Victory Gardens Theater presents

  

Disconnect

Review by Joy Campbell

India-based call centers have become the target of much collective American displeasure: everyone, it seems, has a story about a frustrating experience with an obtuse, script-reciting person with a lilting, sometimes impenetrable accent that belies their claim of a name such as “Steve” or “Daniel.”

Disconnect takes us to a collections call center in Chennai in 2009, where workers target American “marks” who have defaulted on their credit-card payments. We follow Avinash (Kamal J. Hans), a man whose age is declared a liability, and who is demoted from the coveted “New York” to “Illinois,” several floors down. The floor is windowless save for one small opening that overlooks a growing pile of trash, symbolic of the state of life in Chennai as well as a metaphor for the struggles of the workers to attain what they see as success. It may be a trash life, but they still strive to climb to the top of it.

The show revolves around three workers, Vidya (Minita Gandhi), Giri (Behzad Dabu), and Ross (Debargo Sanyal), who sit in a row making one collection call after another. Driven mercilessly by Avinash so that he won’t lose his own job, we hear their interactions via one-sided communication, mostly to good comedic effect. Star performer Ross in particular uses fairly unorthodox and hilarious strategies to get his people to pay. Through a deft use of the internet and improvisation skills that would make Chicago proud, he banters in a seamless American accent with callers about weather in Buffalo or the fact that he lives “a couple of streets over, on Berwyn Ave.” He studies Chicago via the internet and describes the life he would live there, from cruising the Loop to seeing Millennium Park (that the settings are familiar to the Chicago audience lends a perspective that literally hits close to home, and allows for some good in-jokes.)

Given the high-pressure, quota-driven nature of the work, we expect to see a lot of complaining about the job and a disdain for the Americans these workers call. Surprisingly, this is not the case. In fact, they show a lot of compassion for their marks, defending them to Avinash by pointing out the recession and expressing hope that Obama’s stimulus package works. Ross, despite his seemingly flippant cowboy style, is the most compassionate, and we see that he not only knows the balances of many of his marks, but their family situation as well. These people – educated, erudite, intelligent – love America, and dream of being American. When they adopt Western names and accents, it’s not mockery; it’s part of the job’s fiction, yes, but it’s an imitation that is indeed the sincerest form of flattery.

When the line gets blurred between personal and professional, however, things go badly awry, from an outburst by Vidya that has dire consequences, to Giri’s unfortunate imitation of American reckless consumerism, to a mark who turns Ross’s very same strategy on him, with disastrous results.
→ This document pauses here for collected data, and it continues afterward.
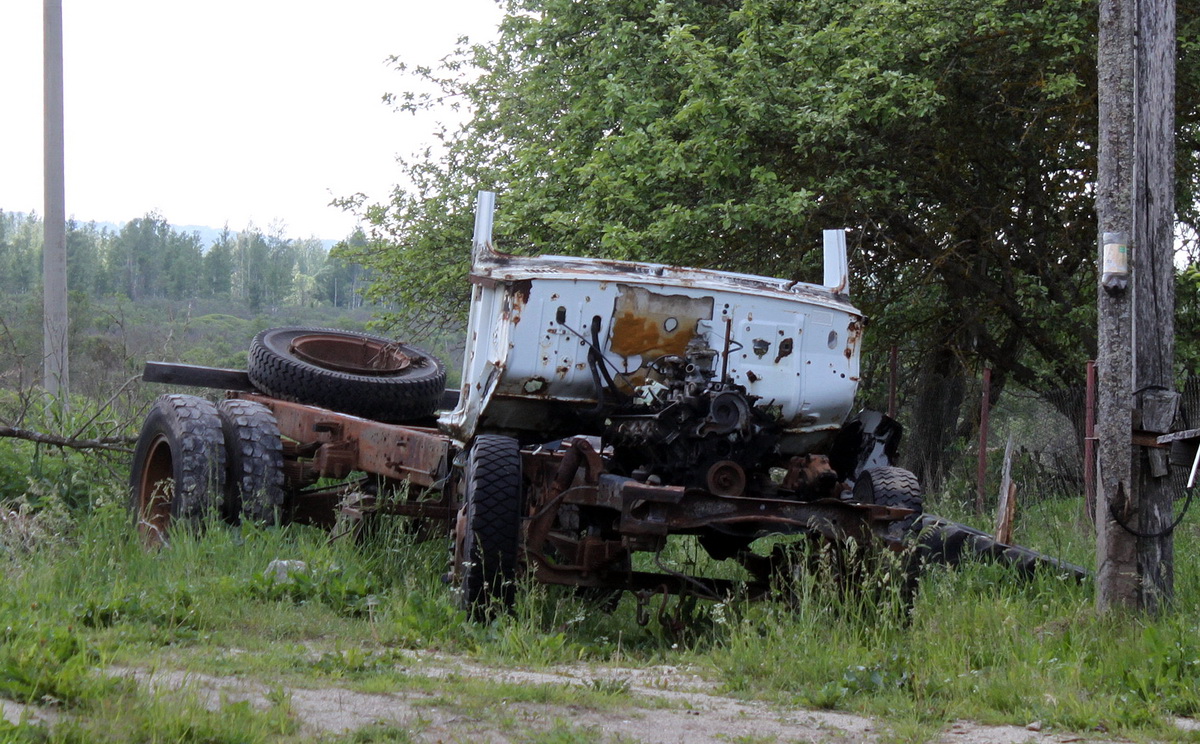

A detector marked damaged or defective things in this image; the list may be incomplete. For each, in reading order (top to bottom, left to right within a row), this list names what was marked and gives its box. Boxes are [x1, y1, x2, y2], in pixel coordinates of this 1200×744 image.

flat tire on ground [246, 326, 448, 424]
rusty wheel rim [286, 333, 412, 374]
flat tire on ground [129, 396, 226, 547]
flat tire on ground [214, 400, 282, 523]
flat tire on ground [451, 432, 523, 619]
Grant Sabin’s set reinforces the regimentation and cold impersonality of this environment. The actors move in a world of gray, black, and white geometry and right angles. Mac Vaughey’s harsh lighting underscores the sterility of the setting. The only splash of color comes from the red Coke machine in the corner, a sad beacon of American promise.

I wanted to like Disconnect more than I did. The acting was wonderful across the board, and the idea of the play is very human and powerful, but the pace of things and the one-sidedness of the interactions makes it hard for us to feel fully emotionally invested in the sub-plots on either side of the ocean. There are some wonderful moments: Ross’s fantastically smooth and agile manipulations of his marks; the irony of a collections caller, until now spending his time chasing people down for money, being transferred to the “welcome” department, where he spends all day welcoming new credit-card customers. Like the call center itself, there is a lot going on, and in the clamor some focus gets lost. After seeing Disconnect though, you may never hear a Hindi-accented “Tom” again without feeling a little more respect.

  

Rating: ★★½

  

  

Disconnect continues through February 24th at Victory Gardens’ Začek McVay Theater, 2433 N. Lincoln (map), with performances Thursdays-Saturdays at 7:30pm, Sundays 3pm. Tickets are $35-$50, and are available by phone (773-871-3000) or online through their website (check for half-price tickets at Goldstar.com). More information at VictoryGardens.org.  (Running time: 90 minutes, no intermission)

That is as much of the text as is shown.